Bouteflika-décès-Sahara : Un témoin s’en va
Par Taieb Dekkar*
Avec le décès de l’ancien président Abdelaziz Bouteflika, Allah Irahmou, un témoin de taille, qui avait paraphé l’ensemble des accords frontaliers et de coopération entre les deux pays, s’en va.
Pendant quatre mandats à la tête de l’Etat algérien (1999-2019), l’ancien président, qui ne manquait pourtant aucune occasion, en tant que simple citoyen, avant de rallier le Palais El Mauradia, pour se joindre aux festivités de la fête du trône, à l’ambassade du Maroc à Alger, avait pris fait et cause pour la thèse de la junte algérienne sur le dossier du Sahara.
Le défunt n’avait pas caché dans des confidences à une journaliste libanaise qu’il n’avait pas d’autre choix que de se plier aux thèses de l’armée, faute de quoi, il serait exécuté comme Boudiaf.
Une seule déclaration de sa part aurait suffi pour clore ce dossier, crée de toutes pièces par l’ancien dictateur Boumediene. Natif d’Oujda, Bouteflika avait participé à toute une série de négociations entre les deux pays sur les frontières, la coopération bilatérale et la question du Sahara, dont les ultimes négociations de l’été 1975 à Rabat, avant la saisine de la Cour internationale de justice par le Royaume.

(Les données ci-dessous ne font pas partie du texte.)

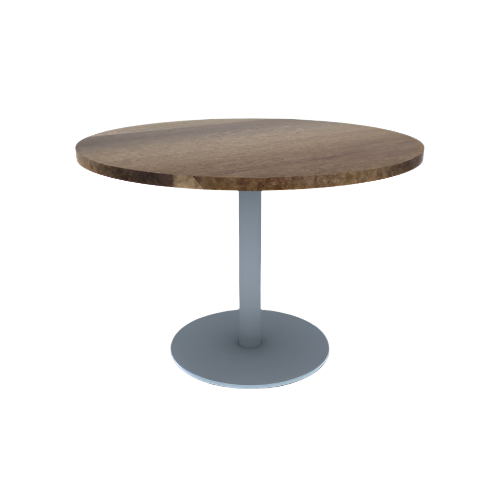 Proof 42" Dia Round Pedestal Cafe Table with Round Stainless Steel Base Solid Wood Top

A cette date, Bouteflika avait conclu un compromis avec le Royaume du Maroc, au terme duquel Rabat accélérerait la ratification du traité sur les frontières, et l’Algérie soutiendrait les revendications marocaines au Sahara. Un communiqué officiel a été diffusé à ce sujet, qui fut d’ailleurs repris à la Une par le journal algérien El Moudjahid. Rentré de Rabat, Bouteflika repart immédiatement à New York pour l’assemblée générale des Nations unies, où il serrait resté plusieurs semaines, le dictateur ayant entre temps, fait des choix opposés, ceux de contrecarrer les revendications marocaines, par tous les moyens.
En 2005, alors qu’il amorçait son deuxième mandat, Bouteflika, qui avait assisté aux funérailles de Feu SM le Roi Hassan II, quelques mois seulement après son investiture, affichait beaucoup d’enthousiasme en direction de notre pays, dans des messages élogieux à l’égard du trône alaouite. Sa présence aux funérailles fournissait aux marocains un très bon signe sur l’avenir des relations entre les deux pays, tant Boutefika, l’homme, échangeait des accolades avec des membres de la Cour Royale.
Rapidement, la junte militaire algérienne imagina un scénario lugubre pour dissuader Bouteflika d’aller plus loin dans son ouverture sur le Royaume. Elle saisit alors une visite officielle qu’il effectua dans le sud ouest algérien pour fomenter un attentat terroriste, qui a fait plusieurs pertes humaines, et accuser le Royaume d’en accueillir les auteurs, repliés sur son territoire. A chaud, Boutelika s’en prend au Royaume gratuitement, parce que le chef d’Etat-major de l’armée, Lammari, quelques mois plus tard, affirma que l’Algérie n’avait pas de preuves sur le repli en territoire marocain des terroristes.
Bouteflika a saisi le massage cinq sur cinq et se rappelle que Boudiaf avait payé un prix fort, parce que accusé de collusion avec le Royaume.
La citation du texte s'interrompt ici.